Dash it all, Sergeant, does she have to keep interrupting me, it’s bally annoying.”
“Well, she’s had a shock, ain’t she,” the sergeant rejoined, “I’m sure she’ll come around. Perhaps a cup of tea?”
Seven minutes later, all hands held a nice cup of tea, which eased the tension in the room considerably.
“So, to business – we’d like to recruit you,” said the man behind the desk. “Technically, because of what you did, you belong to Him Downstairs, but because of why you did it, we’ve been granted dispensation to have a little chat. You see – your bravery and commitment would make you rather an asset for us. And I also wonder if you’re amenable to a little … ahem … payback. You see, rather many of The Dark Lord’s latest recruits are Scots.” He finished with a flourish and looked as her expectantly.
“Her mind was thrown into a turmoil as the thoughts whirled thr -”
“Yes, thank you, Sergeant – that’ll do.
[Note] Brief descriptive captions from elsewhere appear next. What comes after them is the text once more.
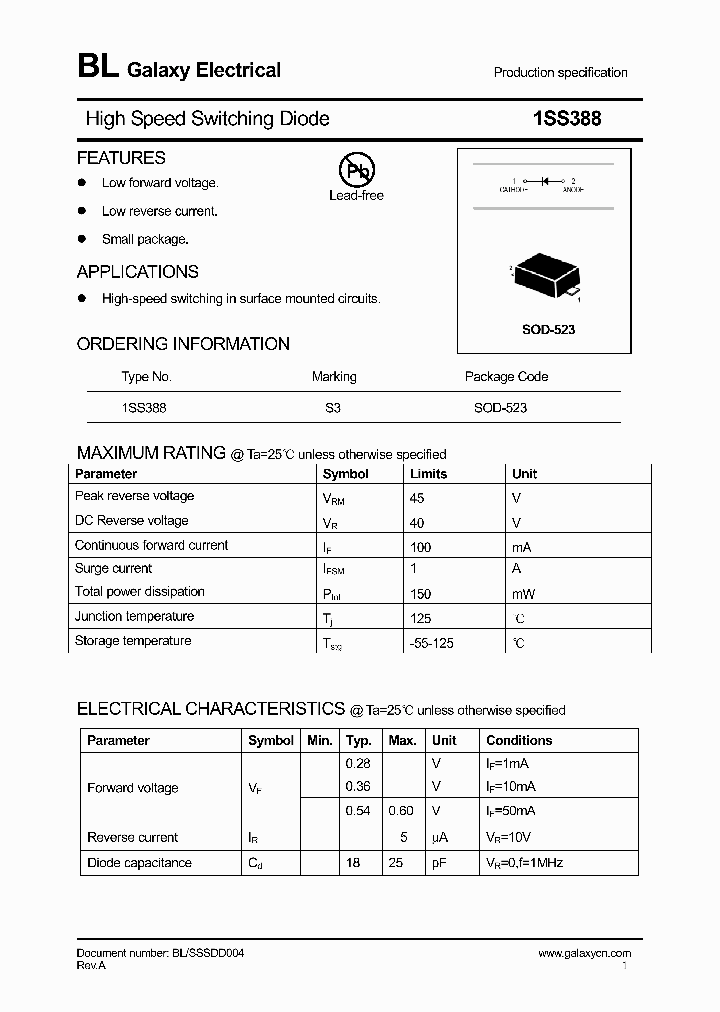 1SS388_4614779.PDF Datasheet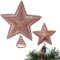 Toyland® 23cm (9.2) glitzernder roségoldener Baumkronenstern – luxuriöser Weihnachtsbaumschmuck – Baumspitzen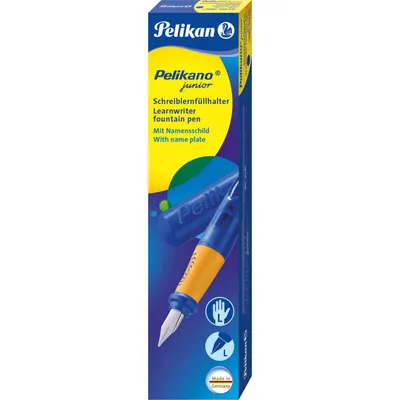 Zdjęcie produktu dla Pelikan Junior P68, Niebieski, System napełniania nabojem, Leworęczny, 1 szt.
What do you think, Miss?”
“My name’s Carole, not Miss.”
“Ah yes – of course. The name’s Cedrik. Jolly pleased to meet you.” He held out a hand.
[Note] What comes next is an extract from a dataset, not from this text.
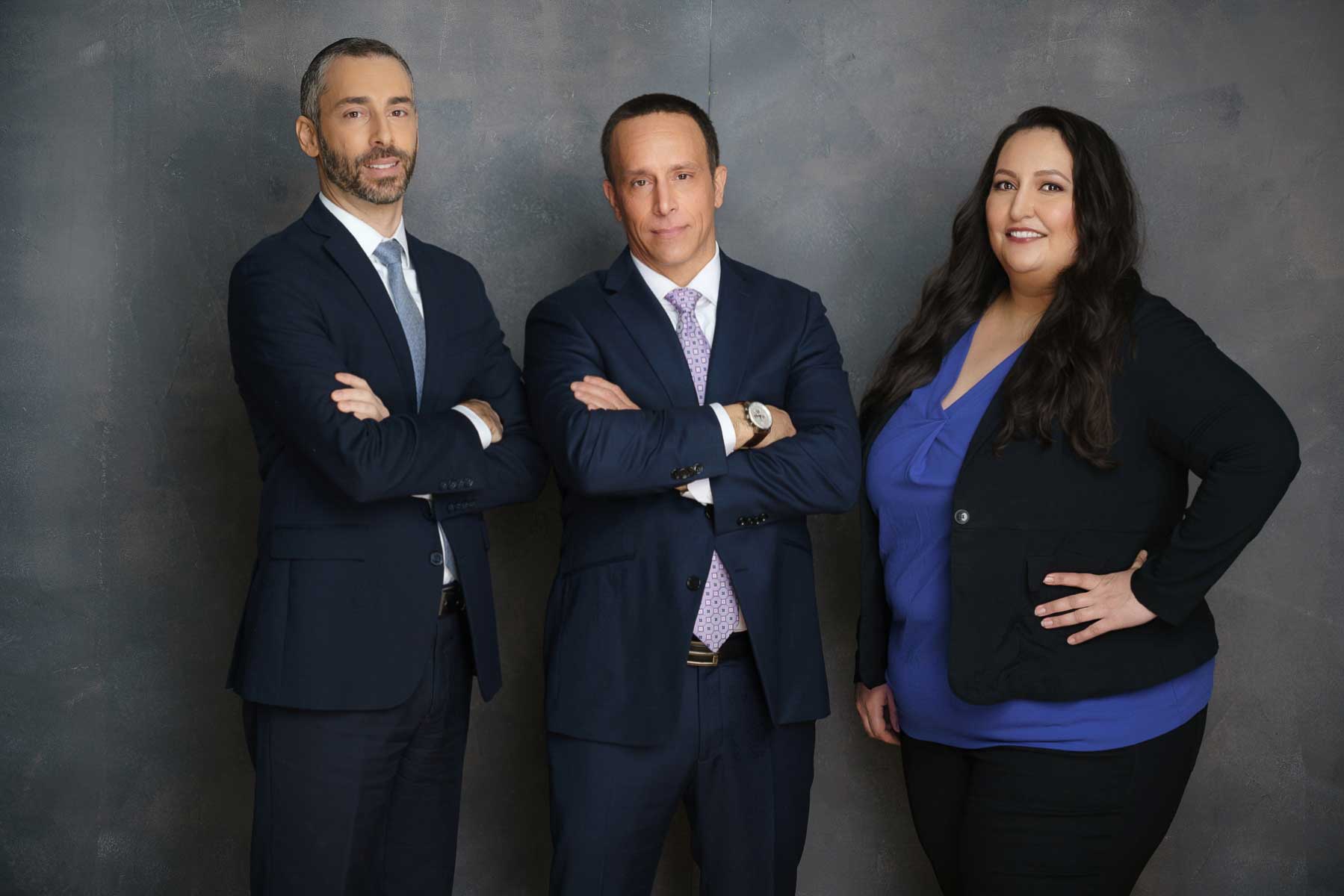 Joshua Kopple, Michael Kopple, and Marianna Oustinovskaya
She took it, then let it go.
“Tell you what, Carole, how about I give you a little bit of background? I had rather an odd start, as it happens. You see, I winked into existence back in, oh, 2016 I think. Some chappy called Robert thought it would be a wheeze to write a Silly Fantasy with me in a starring role. However, it turns out his tutor wasn’t so keen. Suggested that he ‘represent Cedric’s perspective in a way that would appeal to most adult readers’. Couldn’t even spell my name properly either. Imagine that!”
Carole raised one eyebrow.
“Anyhow, he, that is, Robert had a bit of a rethink and began to write something completely different, but then, as he approached the end of the story – he was having breakfast at the time – it came to him that perhaps he could save me from the old red pencil after all. And so – here I am. Tadaaa!”
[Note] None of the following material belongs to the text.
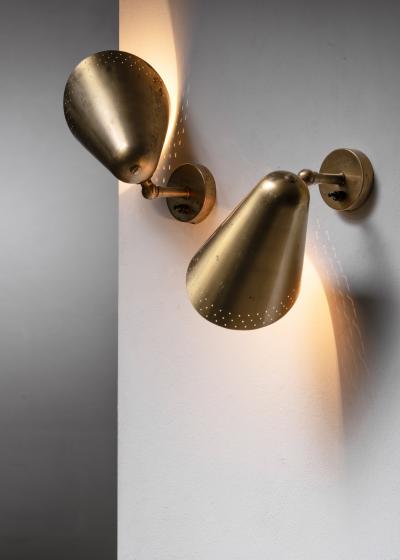  B hlmarks AB Bohlmarks Pair of Harald Notini wall lamps for B hlmarks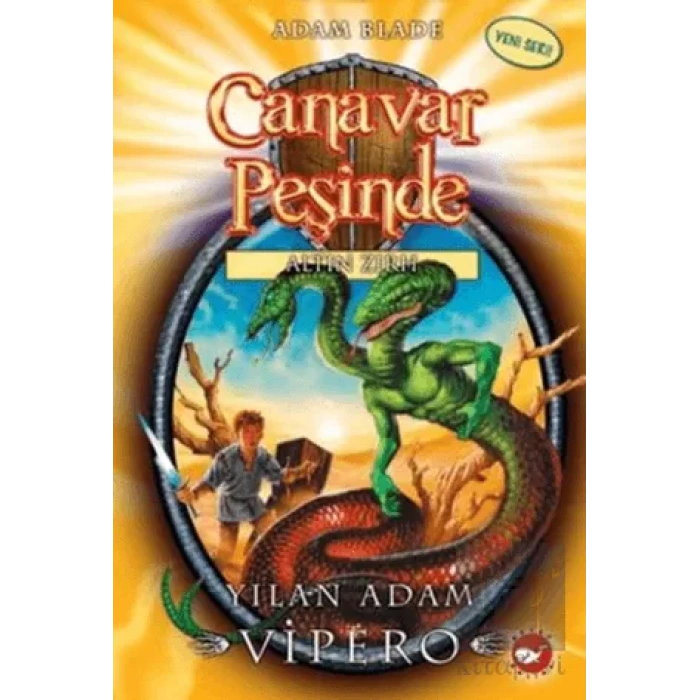 Canavar Peşinde Serisi 10 - Altın Zırh (Yılan Adam Vipero)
After taking a sip of tea and a few moments of meditative silence, Carole spoke.
“So, why the epic struggle with this ‘Dark Lord’?”
“He stole my Teddy Bear.”
“Oh, I see you smiling, but at the time I wasn’t much older than your daughter when she …” He paused, aware of the pain flickering across her face, “These things are important to children.”
She nodded; serious again.
“And since then, it’s become …” Again he broke off as if becoming aware of how unconvincing he sounded. Several emotions – despair, anger, resolve.
“You see, it’s not really about Teddy at all. It’s just symbolic, really. It’s the whole struggle between good and evil – you know? And at the end of the day, it all comes down to doing what you can do. It all counts. Every little thing.”
His gaze slipped from her face and moved inside his mind. When he began to talk again, it was almost in a whisper.
“He’s out there now, listening.”
A crease appeared between her narrowed eyes. “The Dark Lord?”
“No. Robert. I reckon that I can hear him breathing. He’s on his way to work, but stopped now. Perched on the back of a bench. Tapping these words into his phone. He’s going to be rather late for work if he’s not careful.”
She tried to follow him, but her imagination failed her. If he was writing about her, then where was she? Just a figment of his imagination? Cedrik broke into her thoughts. His thoughts?
“Oh, of course I tell myself that I’m my own man. That I’m a person in my own right. It’s actually something he often says to himself – that his characters write themselves. That we just need to be told to go somewhere, but we get there ourselves. In fact, he’s even telling himself something like that now. That this little soliloquy is mine, not his.”
“But the truth is, I’m rather afraid. I’m scared that as soon as his mind turns elsewhere – to the next story, and the next character, then we here, we will just st-”
“Wait! Before you …” Carole’s eyes widened, heart pounding, “I need to know – did I get my revenge?”
He held off her desperation with ineffable sadness, then smiled, expression soft.
With a voice like a caress – “Yes, you did, my dear. You got your revenge.”